Manipulate Block Touch Sensors

../../../_images/manipulate_block_touch_sensors.gif

Description

This environment was introduced in “Using Tactile Sensing to Improve the Sample Efficiency and Performance of Deep Deterministic Policy Gradients for Simulated In-Hand Manipulation Tasks”.

The environment is based on the same robot hand as in the HandReach environment, the Shadow Dexterous Hand. The task to be solved is the same as in the HandManipulateBlock environment. However, in this case the environment observation also includes tactile sensory information. This is achieved by placing a total of 92 MuJoCo touch sensors in the palm and finger phalanxes of the hand. The sensors are created by specifying the tactile sensors’ active zones by so-called sites. Each site can be represented as either ellipsoid (for the finger tips) or box (for the phalanxes and palm sensors). When rendering the environment the sites are visualized as red and green transparent shapes attached to the hand model. If a body’s contact point falls within a site’s volume and involves a geometry attached to the same body as the site, the corresponding contact force is included in the sensor reading. Soft contacts do not influence the above computation except inasmuch as the contact point might move outside of the site, in which case if a contact point falls outside the sensor zone, but the normal ray intersects the sensor zone, it is also included. MuJoCo touch sensors only report normal forces using Minkowski Portal Refinement approach . The output of the contact sensor is a non-negative scalar value of type float that is computed as the sum of all contact normal forces that were included for this sensor in the current time step . Thus, each sensor of the 92 virtual touch sensors has a non-negative scalar value.

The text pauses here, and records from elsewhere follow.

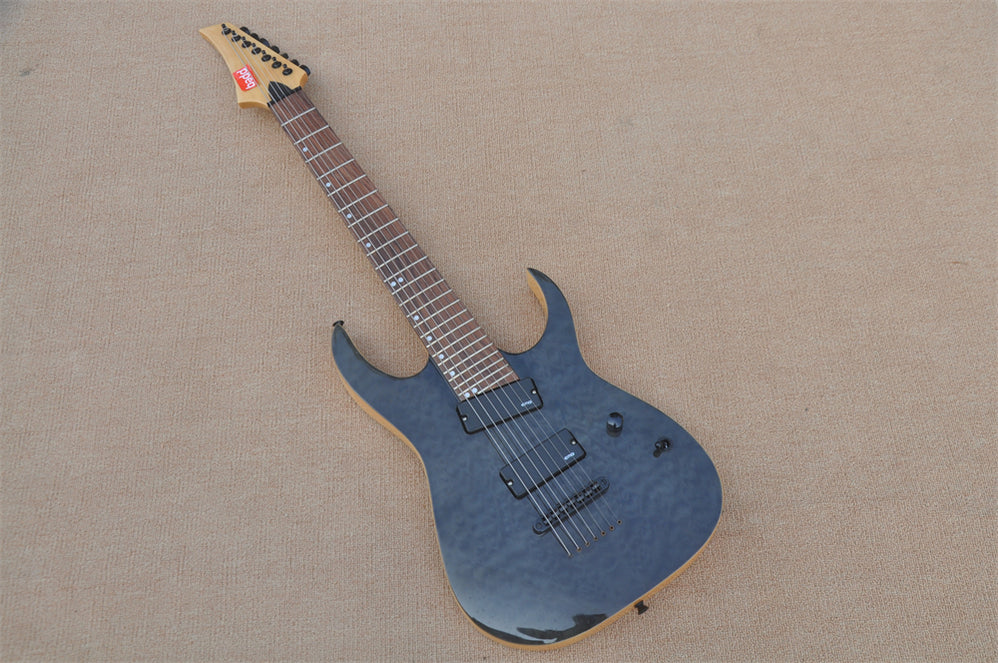 7 Strings Electric Guitar — Guitar Kit Shop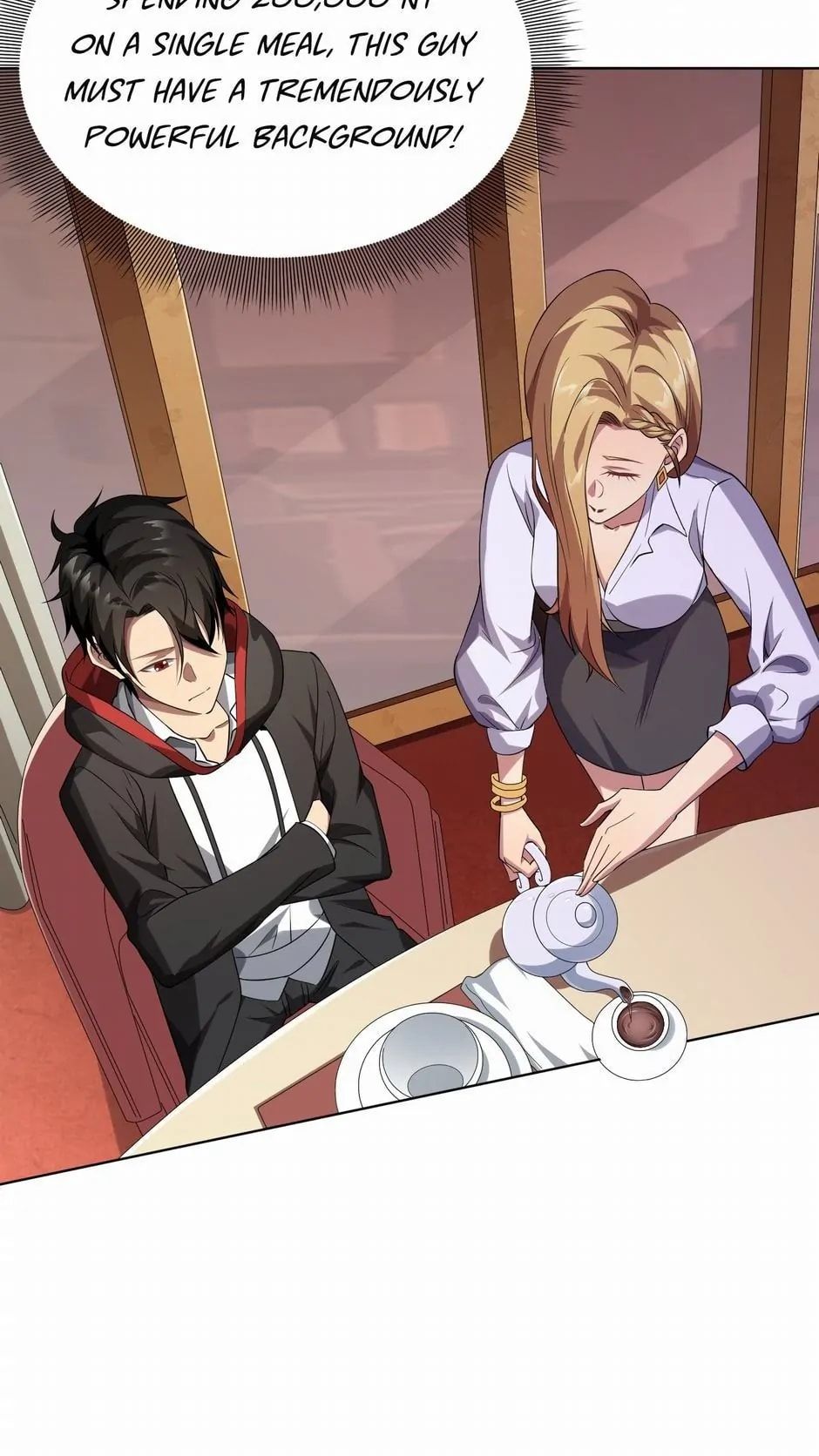 It All Starts With Trillions of Nether Currency chapter 25 page 54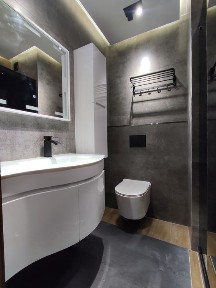 Сдается 1 ком квартира с новым евро ремонт, Студия в Prestige Garden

The sensors are divided between the areas of the tip, middle, and lower phalanx of the forefinger, middle, ring, and little fingers. In addition to the areas of the three thumb phalanxes and the paml. The number of sensors are divided as follows in the different defined areas of the hand:

Functional areas of the hand model

Number of areas

Sensors-per-area

Total Sensors

Lower phalanx of the fingers

4

7

28

Middle phalanx of the fingers

4

5

20

Tip phalanxes of the fingers

4

5

20

Thumb phalanxes

3

5

15

Palm

1

9

9

When adding the sensors to the HandManipulateBlock environment there are two possible environment initializations depending on the type of data returned by the touch sensors. This data can be continuous values of external forces or a boolean value which is True if the sensor detects any contact force and False if not. This two types of environments can be initialized from the environment id variations of HandManipulateBlock by adding the _ContinuousTouchSensors string to the id if the touch sensors return continuous force values or _BooleanTouchSensors if the values are boolean.

Continuous Touch Sensor Environments:

  • HandManipulateBlock_ContinuousTouchSensors-v1

  • HandManipulateBlockRotateZ_ContinuousTouchSensors-v1

  • HandManipulateBlockRotateParallel_ContinuousTouchSensors-v1

  • HandManipulateBlockRotateXYZ_ContinuousTouchSensors-v1

  • HandManipulateBlockFull_ContinuousTouchSensors-v1

Boolean Touch Sensor Environments:

  • HandManipulateBlock_BooleanTouchSensors-v1

  • HandManipulateBlockRotateZ_BooleanTouchSensors-v1

  • HandManipulateBlockRotateParallel_BooleanTouchSensors-v1

  • HandManipulateBlockRotateXYZ_BooleanTouchSensors-v1

  • HandManipulateBlockFull_BooleanTouchSensors-v1

The Action Space, Rewards, Starting State, Episode End, and Arguments sections are the same as for the HandManipulateBlock environment and its variations.

Observation Space

The observation is a goal-aware observation space. It consists of a dictionary with information about the robot’s joint and block states, as well as information about the goal and touch sensors. The dictionary consists of the same 3 keys as the HandManipulateBlock environments (observation,desired_goal, and achieved_goal). However, the ndarray of the observation is now of shape (153, ) instead of (61, ) since the touch sensor information is added at the end of the array with shape (92,).

Version History

  • v1: the environment depends on the newest mujoco python bindings maintained by the MuJoCo team in Deepmind.

  • v0: the environment depends on mujoco_py which is no longer maintained.